Showing that $x \sim _{0=1} y$ is an equivalence relation

Question

Let $x \sim _{0=1} y \iff x=y \text{ or } x,y\in \{0,1\}$ be a relation on $[0,1]$. I have to show that this is indeed an equivalence relation. I think that's not really hard If my argumentation is correct:

it's reflexive, because $x\sim_{0=1} x \iff x=x \text{ or } x\in \{0,1\}$ is true since only one (either $x=x$ or $x \in \{0,1\}$ has to be true) and $x=x$ is true using the fact that "$=$" is reflexive.

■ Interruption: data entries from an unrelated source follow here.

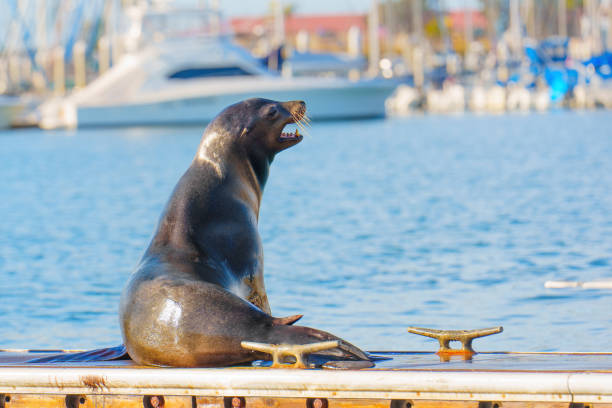 istock Sea Lion Posing on a Dock with Boats in Oceanside 2202638938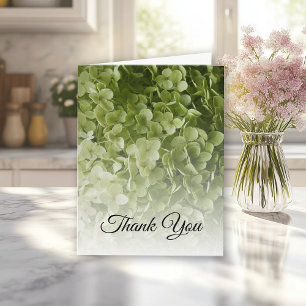 Grönt Hydrangea Blommigt Sympati Tack Kort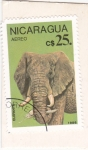 Sellos de America - Nicaragua -  Elefante africano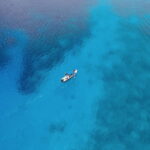 Playa: Dive in Cozumel - Breaking Down the Itinerary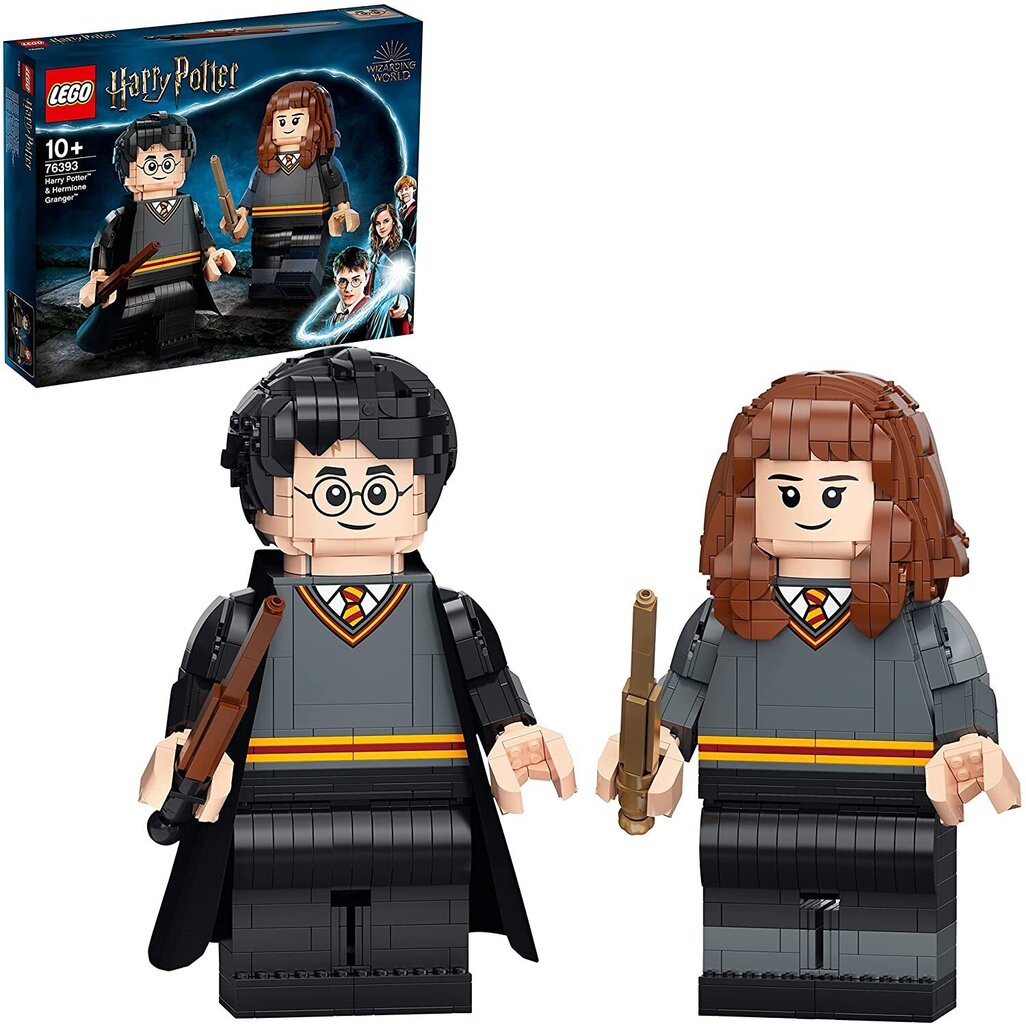 Lego Harry Potter ja Hermione Granger hind ja info | Klotsid ja konstruktorid | hansapost.ee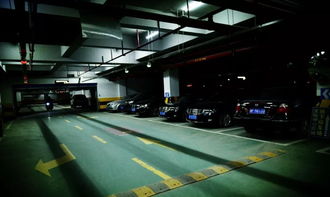 2018年春節文成縣城最全停車指南 大派送 ,收藏一圖,停車不愁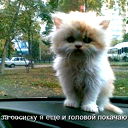 Владимир Минский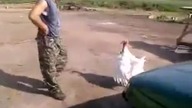 Bije się z kurą po ryju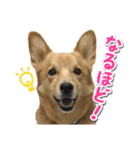 ぎんさんセリフスタンプ（個別スタンプ：32）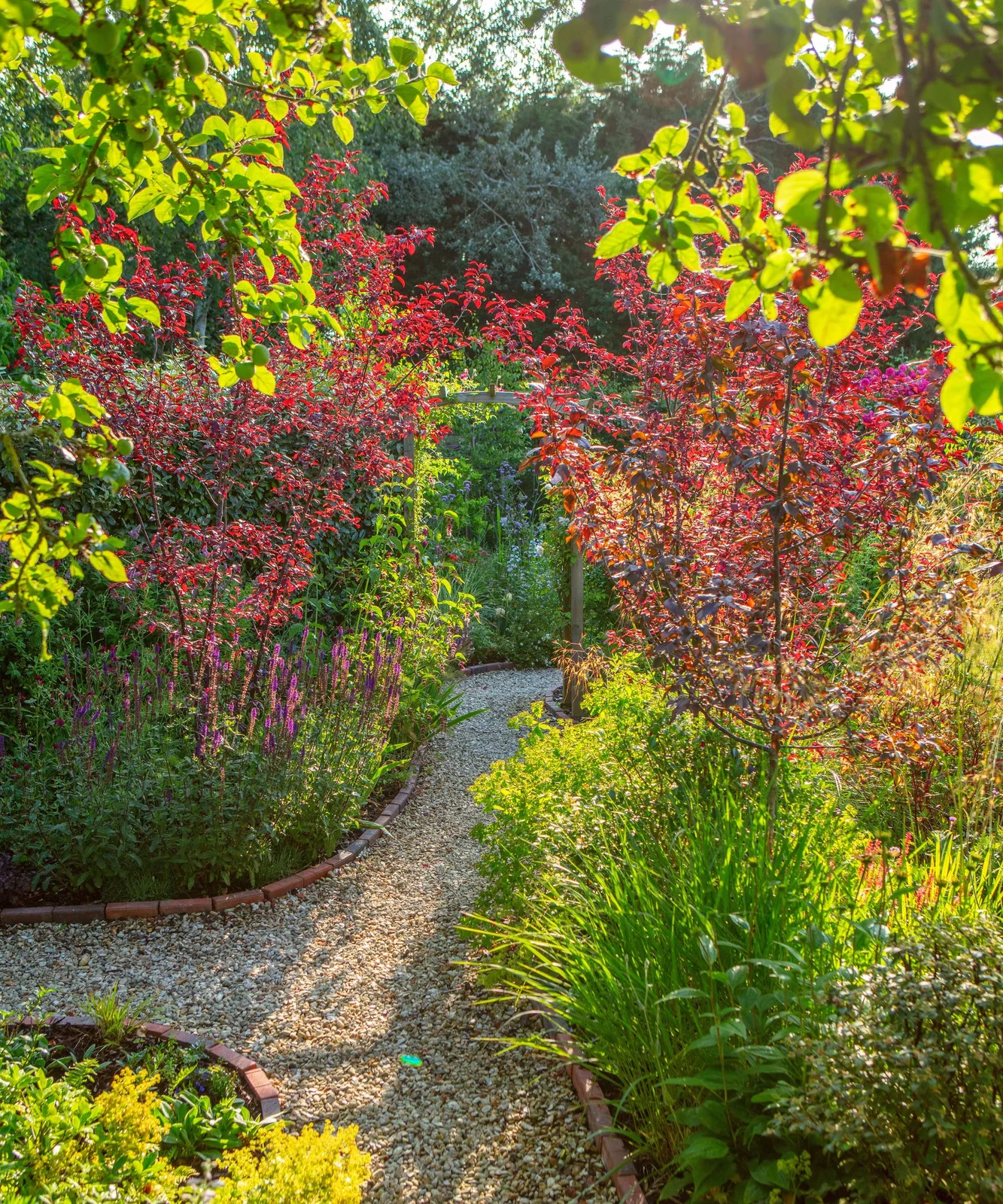 A curving gravel path passes between tall red-leaved shrubs and mixed green planting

Furthermore, the relation is symmetric, since $x\sim_{0=1} y \implies y \sim_{0=1}$ also because $x=y \implies y=x$.

Lastly, it is transitive, also because $x=y \, \land y=z \implies x=z$.

Answer 1

Symmetric: let $x\sim y$ then $x=y$ or $x,y\in \{0,1\}$. If $x=y$ then $y=x\checkmark$. If $x,y\in\{0,1\}$ then $y,x\in\{0,1\}\checkmark$

Transitive: let $x\sim y$ and $y\sim z$. Then we have four possibilities:

1. If $x=y$ and $y=z$ then $x=z\checkmark$
2. If $x=y$ and $y,z\in\{0,1\}$ then $x,z\in\{0,1\}\checkmark$
3. If $x,y\in\{0,1\}$ and $y=z$ then $x,z\in\{0,1\}\checkmark$
4. If $x,y\in\{0,1\}$ and $y,z\in\{0,1\}$ then $x,z\in\{0,1\}\checkmark$